Research Article: Consequences of measurement error in qPCR telomere data: A simulation study

Date Published: May 1, 2019

Publisher: Public Library of Science

Author(s): Daniel Nettle, Luise Seeker, Dan Nussey, Hannah Froy, Melissa Bateson, Suzannah Rutherford.

http://doi.org/10.1371/journal.pone.0216118

Abstract

The qPCR method provides an inexpensive, rapid method for estimating relative telomere length across a set of biological samples. Like all laboratory methods, it involves some degree of measurement error. The estimation of relative telomere length is done subjecting the actual measurements made (the Cq values for telomere and a control gene) to non-linear transformations and combining them into a ratio (the TS ratio). Here, we use computer simulations, supported by mathematical analysis, to explore how errors in measurement affect qPCR estimates of relative telomere length, both in cross-sectional and longitudinal data. We show that errors introduced at the level of Cq values are magnified when the TS ratio is calculated. If the errors at the Cq level are normally distributed and independent of true telomere length, those in the TS ratio are positively skewed and proportional to true telomere length. The repeatability of the TS ratio declines sharply with increasing error in measurement of the Cq values for telomere and/or control gene. In simulated longitudinal data, measurement error alone can produce a pattern of low correlation between successive measures of relative telomere length, coupled with a strong negative dependency of the rate of change on initial relative telomere length. Our results illustrate the importance of reducing measurement error: a small increase in error in Cq values can have large consequences for the power and interpretability of qPCR estimates of relative telomere length. The findings also illustrate the importance of characterising the measurement error in each dataset—coefficients of variation are generally unhelpful, and researchers should report standard deviations of Cq values and/or repeatabilities of TS ratios—and allowing for the known effects of measurement error when interpreting patterns of TS ratio change over time.

Partial Text

The length of telomeres—DNA-protein caps on the ends of linear chromosomes—has emerged across several fields as a key integrative biomarker to be studied in relation to ageing [1,2], environmental exposures [3], early-life experience [4,5], social determinants of health [6], stress [7], disease [8], and reproduction [9]. The widespread use of telomere length as a biomarker in epidemiological and ecological studies depends on the availability of a convenient and high-throughput method of estimating the relative average telomere lengths of a sample of individuals.
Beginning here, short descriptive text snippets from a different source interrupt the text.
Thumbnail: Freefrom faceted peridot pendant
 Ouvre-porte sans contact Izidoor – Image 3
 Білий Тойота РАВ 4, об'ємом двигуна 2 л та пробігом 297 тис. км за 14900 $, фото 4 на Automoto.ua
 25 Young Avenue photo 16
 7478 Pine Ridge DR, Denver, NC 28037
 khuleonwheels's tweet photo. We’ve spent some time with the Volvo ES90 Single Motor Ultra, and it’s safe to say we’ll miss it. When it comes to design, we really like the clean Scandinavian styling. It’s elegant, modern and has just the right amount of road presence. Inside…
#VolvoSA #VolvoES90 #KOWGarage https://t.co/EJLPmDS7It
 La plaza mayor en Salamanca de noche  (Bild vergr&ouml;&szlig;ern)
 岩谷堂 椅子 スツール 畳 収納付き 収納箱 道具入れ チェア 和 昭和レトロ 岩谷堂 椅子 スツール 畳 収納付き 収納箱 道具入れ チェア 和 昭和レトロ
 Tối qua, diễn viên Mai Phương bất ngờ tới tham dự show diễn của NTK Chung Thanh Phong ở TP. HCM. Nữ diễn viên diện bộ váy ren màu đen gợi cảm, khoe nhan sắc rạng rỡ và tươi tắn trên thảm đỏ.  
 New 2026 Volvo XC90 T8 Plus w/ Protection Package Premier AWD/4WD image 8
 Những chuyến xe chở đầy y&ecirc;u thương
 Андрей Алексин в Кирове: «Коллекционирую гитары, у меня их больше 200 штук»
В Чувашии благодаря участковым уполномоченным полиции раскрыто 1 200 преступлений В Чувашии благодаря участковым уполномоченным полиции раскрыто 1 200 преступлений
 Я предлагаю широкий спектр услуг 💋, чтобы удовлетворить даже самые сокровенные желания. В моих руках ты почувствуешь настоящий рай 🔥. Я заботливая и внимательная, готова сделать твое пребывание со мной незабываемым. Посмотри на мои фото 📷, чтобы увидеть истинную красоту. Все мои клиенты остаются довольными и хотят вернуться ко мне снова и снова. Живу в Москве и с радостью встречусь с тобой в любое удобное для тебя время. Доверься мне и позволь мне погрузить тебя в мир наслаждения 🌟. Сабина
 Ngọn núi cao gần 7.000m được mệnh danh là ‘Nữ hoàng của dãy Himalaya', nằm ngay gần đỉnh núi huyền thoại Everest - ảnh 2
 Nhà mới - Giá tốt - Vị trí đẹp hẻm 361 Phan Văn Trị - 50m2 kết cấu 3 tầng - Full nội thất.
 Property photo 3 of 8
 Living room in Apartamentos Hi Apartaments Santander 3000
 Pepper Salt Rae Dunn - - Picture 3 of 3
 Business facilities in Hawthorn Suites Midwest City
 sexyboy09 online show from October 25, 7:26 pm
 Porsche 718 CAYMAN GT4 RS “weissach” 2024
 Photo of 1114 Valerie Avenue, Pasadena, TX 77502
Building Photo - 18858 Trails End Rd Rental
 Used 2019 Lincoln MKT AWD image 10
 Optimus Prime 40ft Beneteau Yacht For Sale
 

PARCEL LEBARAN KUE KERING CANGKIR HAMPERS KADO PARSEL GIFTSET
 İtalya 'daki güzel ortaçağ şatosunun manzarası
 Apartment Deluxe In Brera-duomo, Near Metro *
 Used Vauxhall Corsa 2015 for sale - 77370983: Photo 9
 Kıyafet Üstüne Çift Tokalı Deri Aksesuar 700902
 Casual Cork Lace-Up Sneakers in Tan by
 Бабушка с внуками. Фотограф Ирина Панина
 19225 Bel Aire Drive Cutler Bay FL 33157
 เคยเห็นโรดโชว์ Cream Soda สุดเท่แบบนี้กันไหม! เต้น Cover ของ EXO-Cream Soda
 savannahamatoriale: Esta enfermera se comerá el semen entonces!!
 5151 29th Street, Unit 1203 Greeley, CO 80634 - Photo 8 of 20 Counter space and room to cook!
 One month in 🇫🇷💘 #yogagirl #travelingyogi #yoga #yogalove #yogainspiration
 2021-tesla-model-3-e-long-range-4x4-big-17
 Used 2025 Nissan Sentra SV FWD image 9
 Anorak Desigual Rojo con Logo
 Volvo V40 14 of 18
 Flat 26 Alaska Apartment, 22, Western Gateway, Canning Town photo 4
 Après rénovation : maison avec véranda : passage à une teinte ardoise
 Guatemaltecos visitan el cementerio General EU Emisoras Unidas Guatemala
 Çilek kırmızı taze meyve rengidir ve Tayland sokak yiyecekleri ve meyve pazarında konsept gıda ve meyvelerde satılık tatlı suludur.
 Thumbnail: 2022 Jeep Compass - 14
That method comes from quantitative PCR (qPCR) [10]. In a recent large meta-analysis of the human telomere epidemiology literature, qPCR was used in 80% of the 143 studies, including almost all the studies with a sample size greater than 100 individuals [11]. The cheapness and quickness of the qPCR method, as well as the fact that it requires only a small amount of DNA, are key factors enabling the explosion of interest in the field of in vivo telomere dynamics.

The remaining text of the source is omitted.